Credit: Rod Waddington  

On Thursday, the Zambian government declared the current drought affecting their country and other parts of Southern Africa as a national disaster.

 “In view of these challenges … we hereby declare a prolonged drought as a national disaster,” the president stated in a televised national address from the country’s capital, Lusaka.

The President of Zambia, Hakainde Hichilema, said the droughts have affected energy generation and devastated food production. This has come just after the nation fights to recover from a deadly cholera outbreak, which has currently left 700 dead with over 19,000 recorded cases.

The drought has been attributed to a particularly harsh El Nino cycle which has worsened weather conditions, with the country having gone without rain for five weeks at a time, during a time when farmers need water the most. The droughts have affected 84 out of the country’s 116 districts.

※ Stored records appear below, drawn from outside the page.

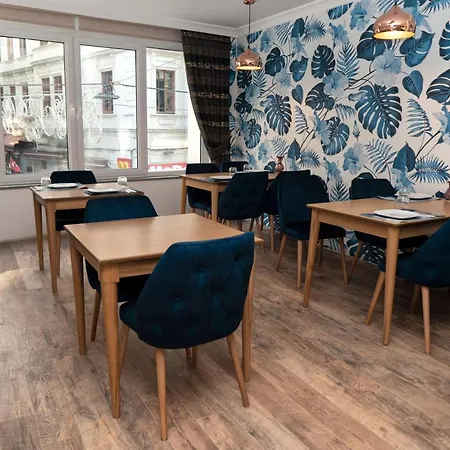 Nevi Hotel&suites Taksim 4*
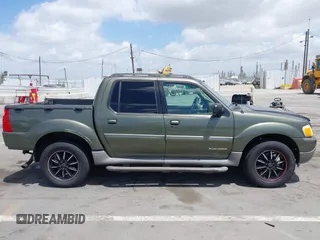 2001 Ford Explorer Sport Trac with VIN 1FMZU67E91UB72467, listed as a IAAI auction lot 42195373 with 223,497 mi miles and . Bid and sale history available at DreamBid. Image 14.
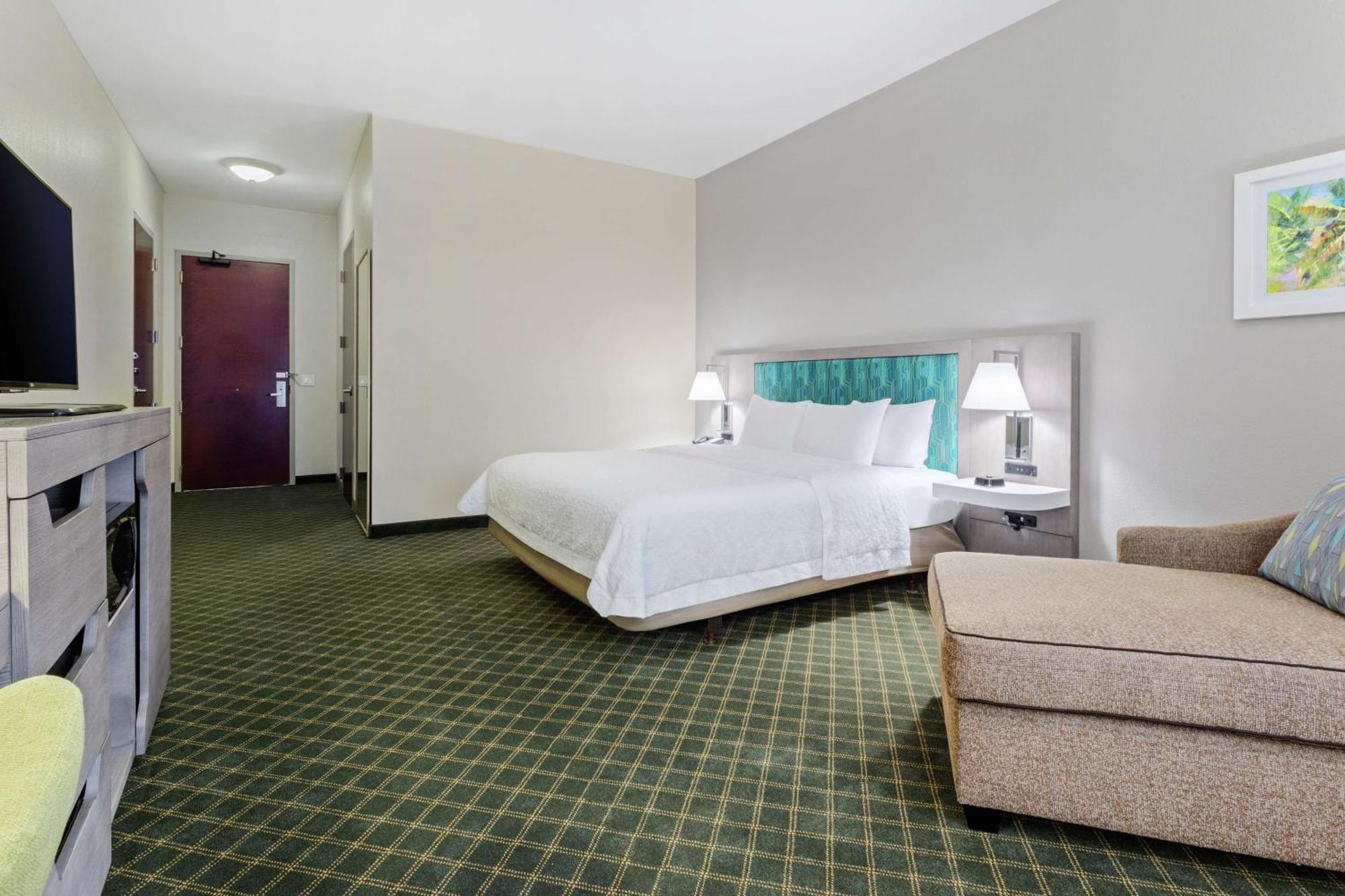 Hampton Inn West Palm Beach-Lake Worth-Turnpike Lake Worth Beach Luaran gambar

Mr Hichilema stated, “This drought has devastating consequences on many sectors such as agriculture, water availability and energy supply, risking our national food security and the livelihoods of millions of our people."

According to Mr. Hichilema, around half of the nation’s “planted area” has been destroyed.”  Mr Hichilema explained that over one million farming households will be affected by the drought as the dry spell is expected to continue in March.

According to the Zambian President, the country is expected to have a power deficit of 430 megawatts “potentially reaching 520 megawatts by December.” This is due to the drought, leading the water level to decline in the Kariba Dam, the country's main source of hydropower. This is a huge problem as Zambia is heavily reliant on hydropower with it being 90% of the country’s energy mix. To keep up with the heavy energy demand, Mr Hichilema said the country will import electricity and ration supplies to its 20 million people.

Mr Hichilema also addressed that the 2024 national budget will be re-configured so that more resources and money can be directed towards softening the impact of the droughts.

The United States Agency for International Development has stated that an estimated 20 million people in southern Africa will need food support between January and March due to the failed harvest, increased food insecurity and water insecurity brought about by the drought, estimated through their Famine Early Warning Systems Network.  

Zambia defaulted on its debt three years ago and is currently reworking its debt under the G20 Common Framework, a programme that helps low-income countries with debt overhauls.

Mr Hichilema stated, “If this process does not close, it’s not just an indictment on Zambia but the global system,” as he called for official and private creditors to swiftly conclude the debt structuring process.

Mr Hichilema also asked for assistance, calling on multinational development agencies and donor countries to provide humanitarian support, particularly food. Countries like Britain along with the UN and World Bank have already committed to providing humanitarian assistance to Zambia, he said.

Parts of Zambia and Southern Africa have experienced the driest February in the past 40 years. Zambia is one of the few Southern African countries to declare the droughts as a national disaster with others expected to soon follow suit. 

The El Nino climate pattern usually increases global temperatures one year after its emergence. Since it emerged in mid-2023 the effects of the El Nino climate pattern are still fuelling fires and record temperatures across the world.